June 29, 2011

I lay in bed and stare upwards. My hands are folded across my chest, my legs outstretched on the bed. There is a flicker of light coming in through the heavy curtains, enough for me to imagine cosmic shapes in our outdated popcorn style ceiling. My eyes are blank. My breathing is slow. I have things to say to Kari, who lies next to me, but before I can move my lips, my blank stare takes over, paralyzing me as it does from time to time.

My demons named fear and irrationality and anger have burst forth, taking advantage of my tired state of mind and heart.

I think of the accident. It replays over and over, almost as soon as my head hits the pillow. Where I was, where she was and all the calculated changes in our day that could have prevented it. I think of Stella in the next room over, sound asleep, and this new fear of death makes me want to sneak into her room and double check that she is still breathing. Scratch that. It makes me want to sleep right next to her on the floor every night until she leaves the house for good one day. I think of Kari’s broken body. I think of how unfair it is that she suffered so much and got nothing out of it. I think of how lucky everyone around me seems to be, with all of their kids and all of their hearts still intact. I think of quitting my job. I think of moving away, to some far off place, where every family has lost a child. I think of how impossible tomorrow seems, facing people and our new reality and my job.

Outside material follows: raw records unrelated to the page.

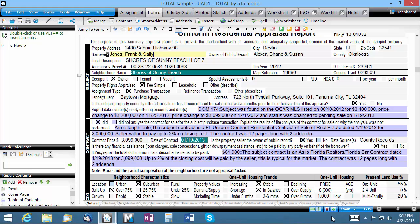If you share a PC with another appraiser or work in an office that has Total installed in a network environment with many users and workstations, it's important that every person have their own username for Total. Why, you might ask? Because users are how Total stores important preferences and tracks the history of each file for record keeping purposes.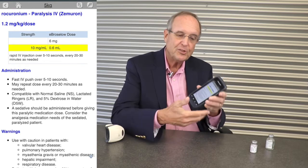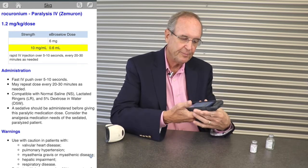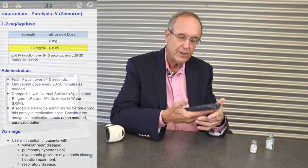Once the patient is paralyzed, I want to document. I select event note and I can even dictate in the note — number three endotracheal tube.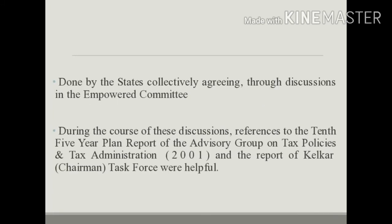This was done by the states collectively agreeing through discussions in the empowered committee, while at the same time accommodating the local characteristics of individual states with certain flexibility.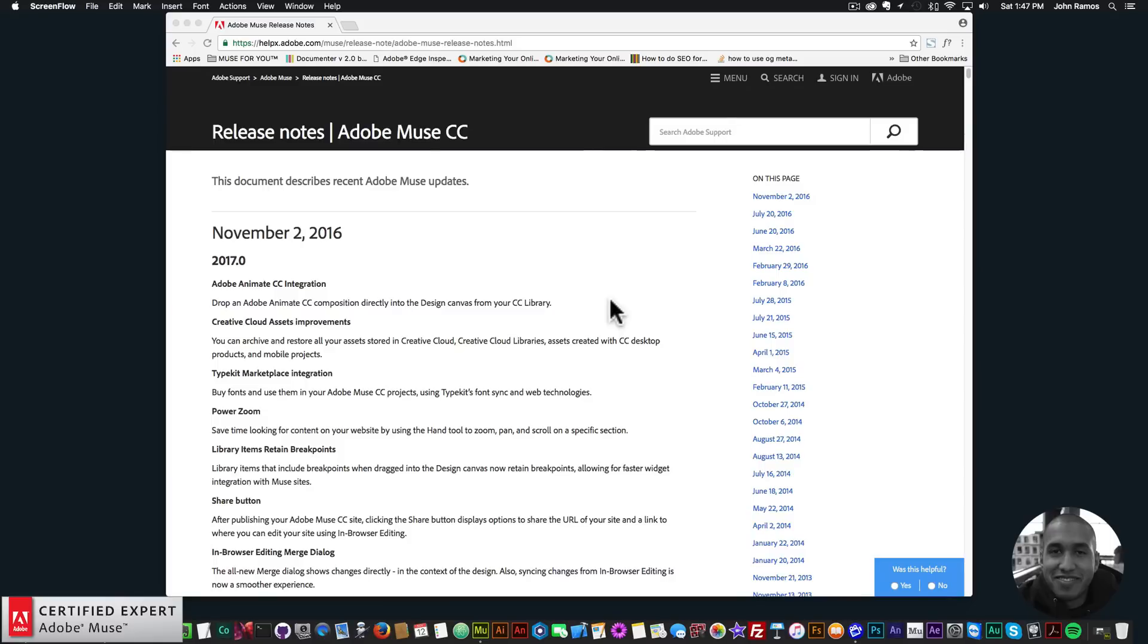Hey what's up Musers, this is John at Muse4U here to help you build awesome websites without code. In this video tutorial I'm going to go over the new updates to Adobe Muse that came out on November 2nd.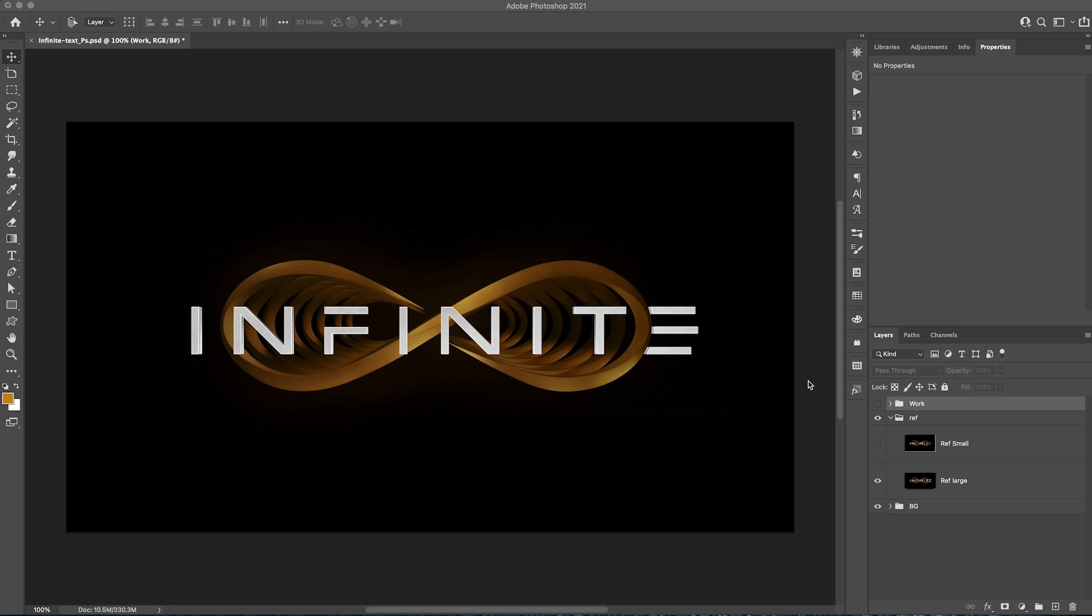Hello guys, hope you're well. Today we're back with another poster text effect tutorial. We have here this new movie called Infinite and it's great. The poster design looks amazing, the text effect's amazing. So I'd like to recreate this with you guys.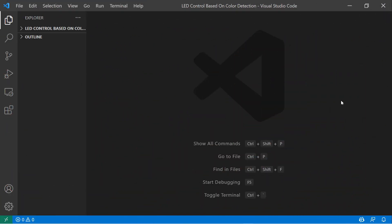Hello everyone and welcome back to my YouTube channel. In this project we need to make one simple Python and Arduino project that detects color, counts how many colors are detected, and based on that controls the LED. So many subscribers actually requested me to make some awesome project using Python and Arduino, so I decided to make this. Let's get started.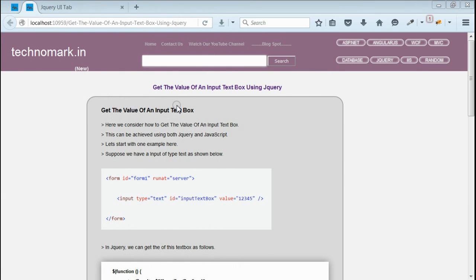That's all. So here we have considered how to get and set the value of an input of type text box using jQuery.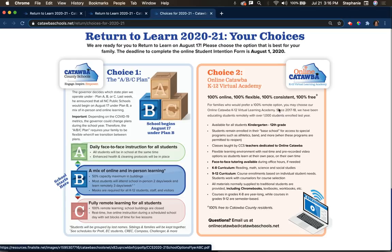Choice two is through our online Catawba K-12 virtual academy. Our virtual academy is not new — it has been in existence since the 2017-2018 school year, and last year alone we had over a thousand students enrolled in grades seven through 12. For this year, we are opening it up to kindergarten through 12th grade. This is taught by a separate group of Catawba County Schools teachers dedicated to online Catawba. If you choose online Catawba, your student will learn 100% remotely by a separate set of teachers.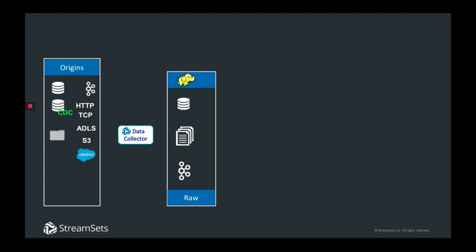So StreamSets Data Collector was created to solve the problem, getting data from a variety of sources, especially streaming ones, and get data into the cluster with visibility into the underlying metrics of movement, as well as the ability to support schema drift automatically.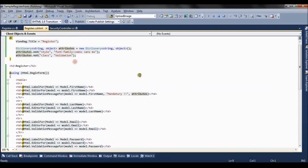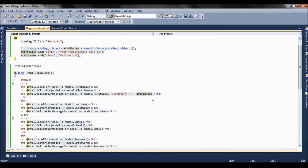These were the four overloads of ValidationMessageFor. Hope you like it. Thank you friends.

There is a reason my lips can’t seem to form words. Kari doesn’t need to wrestle with my demons tonight. I shift under the sheets and turn on my side towards the wall, my back pushing up against Kari’s side, as if she is my grounding force, the only energy keeping my mind from drifting off into hopeless skies.

I’m scared. The inevitable death that is somewhere in my future, in my families future, seems so real and possible and close. I plead with the universe. Give me five years. Five years before something else happens.

I can hear Kari dozing peacefully and I hope her dreams aren’t too awful. I crawl out of bed and head to the bathroom for some perspective. I have learned over these long three months to not trust a single thought I have while laying in bed. I find my phone near the sink and turn it on without much thought. I see Angry Birds, an app that filled my sleepless nights at the hospital, and open it up. I start chucking tiny colorful birds, with all different special powers, at little egg stealing green things that hide in structures. Before I know it, twenty minutes has gone by and my demons have receded.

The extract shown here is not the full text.